(Data shown begins)

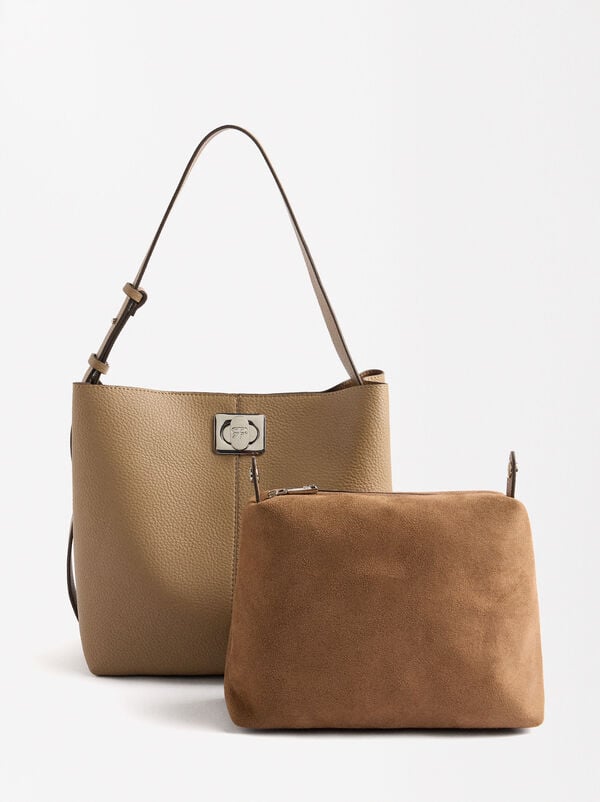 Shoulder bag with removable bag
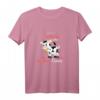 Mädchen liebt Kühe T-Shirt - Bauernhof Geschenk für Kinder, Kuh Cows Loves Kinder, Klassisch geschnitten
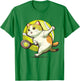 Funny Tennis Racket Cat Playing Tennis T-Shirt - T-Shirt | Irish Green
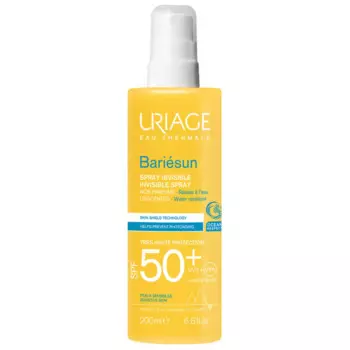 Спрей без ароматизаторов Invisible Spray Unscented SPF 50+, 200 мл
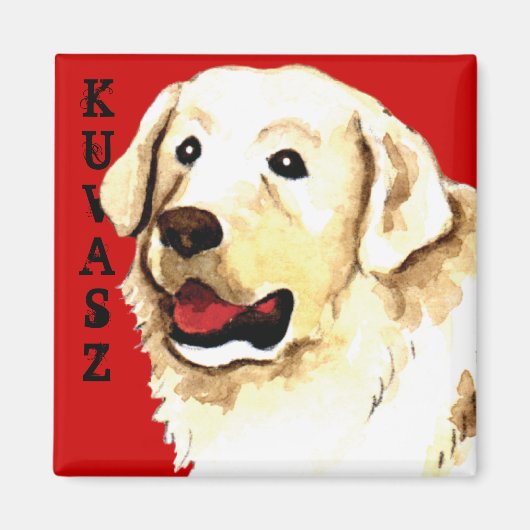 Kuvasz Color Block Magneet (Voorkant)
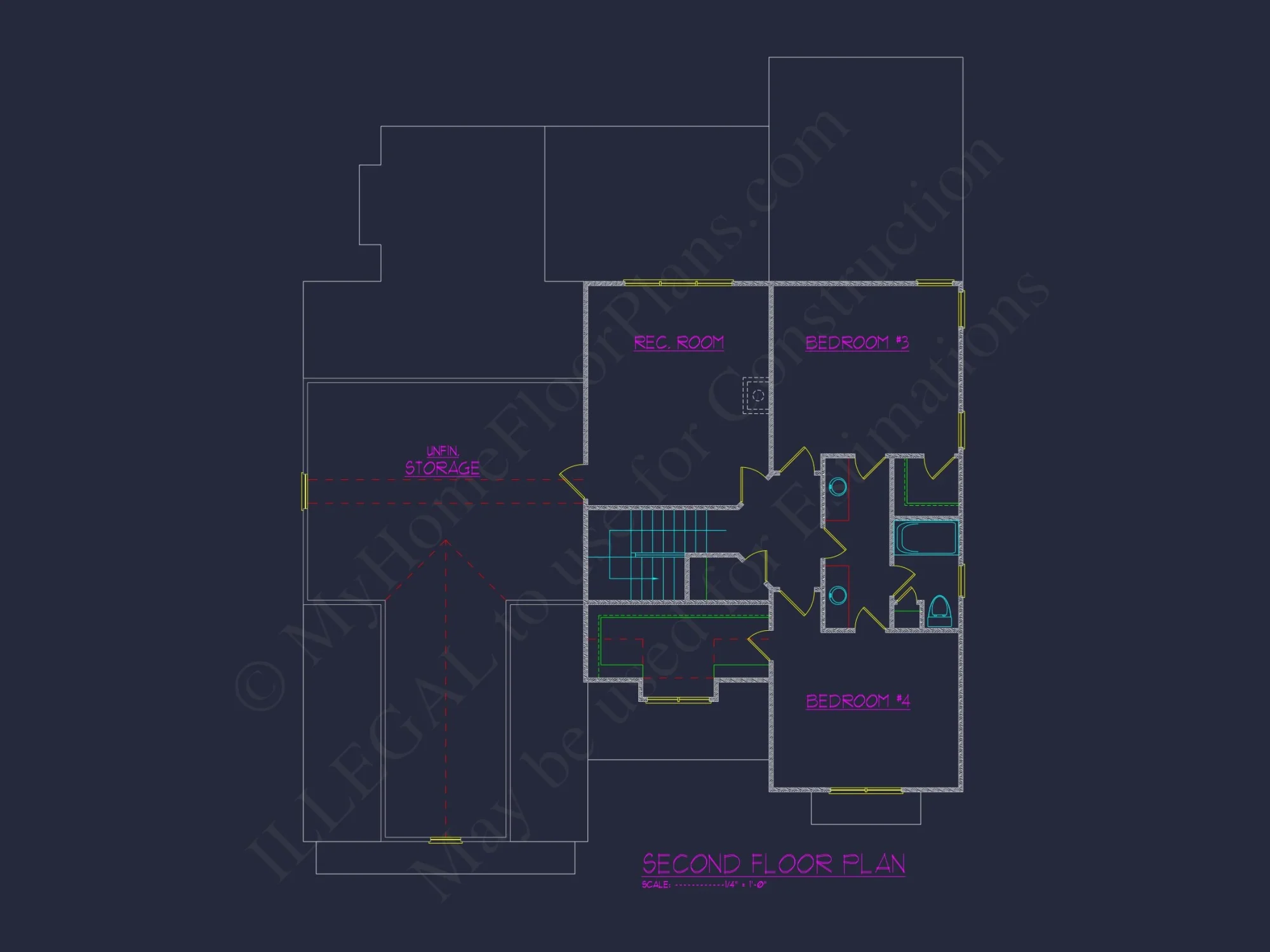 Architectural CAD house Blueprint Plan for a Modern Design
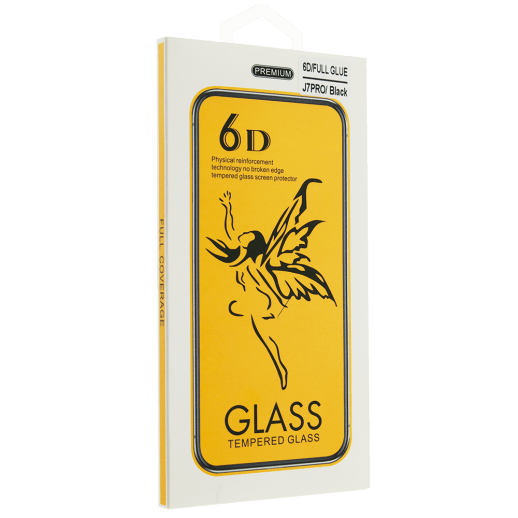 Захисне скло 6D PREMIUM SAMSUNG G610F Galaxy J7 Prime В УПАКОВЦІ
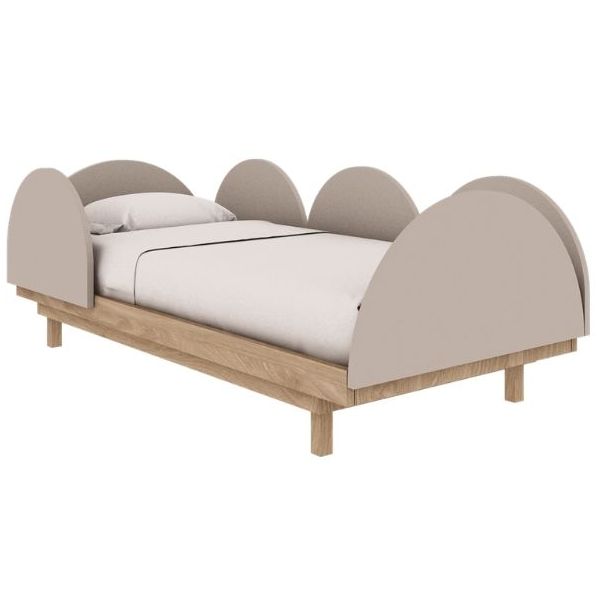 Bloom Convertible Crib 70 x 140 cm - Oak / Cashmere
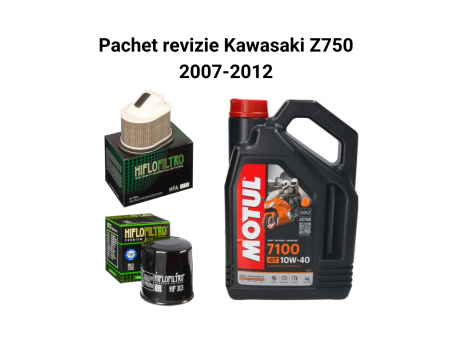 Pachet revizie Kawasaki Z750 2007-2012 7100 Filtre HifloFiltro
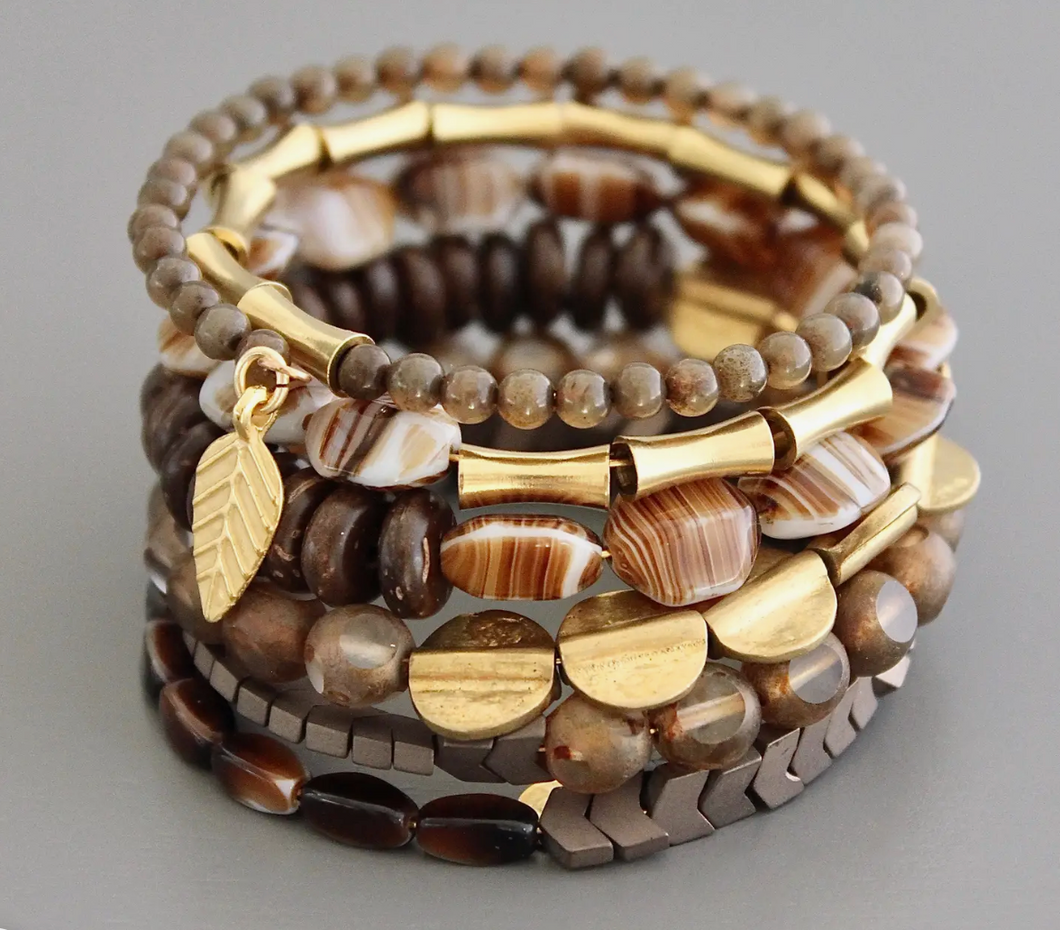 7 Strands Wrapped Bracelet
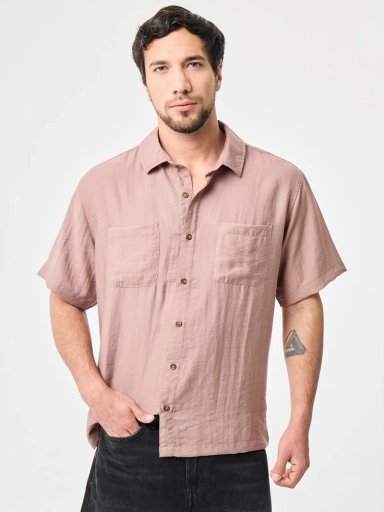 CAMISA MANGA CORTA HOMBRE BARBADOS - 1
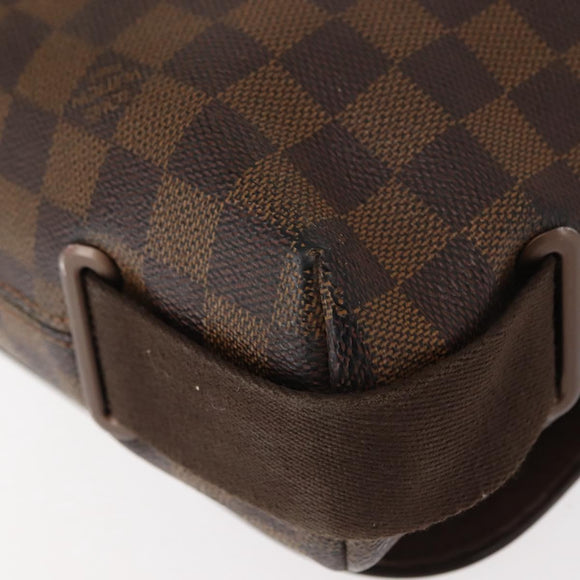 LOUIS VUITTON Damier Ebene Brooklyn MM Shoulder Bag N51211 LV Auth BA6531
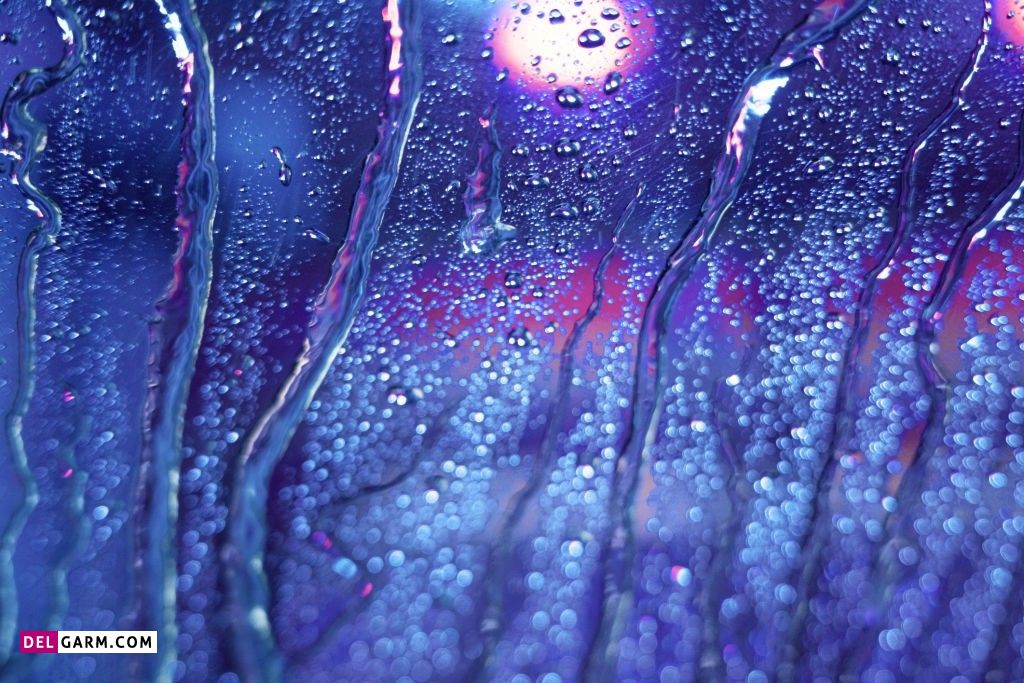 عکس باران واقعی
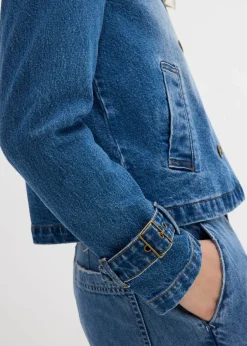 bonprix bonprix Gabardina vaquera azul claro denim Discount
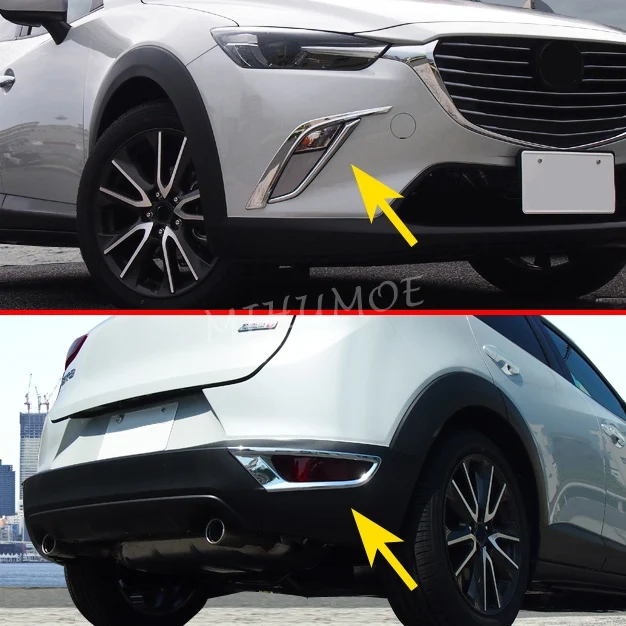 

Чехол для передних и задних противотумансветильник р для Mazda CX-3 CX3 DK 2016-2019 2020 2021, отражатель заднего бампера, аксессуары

(Data shown ends)

* _Problem requirements_
All the records need to be set down word for word, with the images left out.

* _Solution to this problem_
 Shoulder bag with removable bag
 Mädchen liebt Kühe T-Shirt - Bauernhof Geschenk für Kinder, Kuh Cows Loves Kinder, Klassisch geschnitten
 Funny Tennis Racket Cat Playing Tennis T-Shirt - T-Shirt | Irish Green
 Спрей без ароматизаторов Invisible Spray Unscented SPF 50+, 200 мл
 Kuvasz Color Block Magneet (Voorkant)
 Architectural CAD house Blueprint Plan for a Modern Design
 Захисне скло 6D PREMIUM SAMSUNG G610F Galaxy J7 Prime В УПАКОВЦІ
 Bloom Convertible Crib 70 x 140 cm - Oak / Cashmere
 Pachet revizie Kawasaki Z750 2007-2012 7100 Filtre HifloFiltro
 7 Strands Wrapped Bracelet
 CAMISA MANGA CORTA HOMBRE BARBADOS - 1
 LOUIS VUITTON Damier Ebene Brooklyn MM Shoulder Bag N51211 LV Auth BA6531
 عکس باران واقعی
 bonprix bonprix Gabardina vaquera azul claro denim Discount

Чехол для передних и задних противотумансветильник р для Mazda CX-3 CX3 DK 2016-2019 2020 2021, отражатель заднего бампера, аксессуары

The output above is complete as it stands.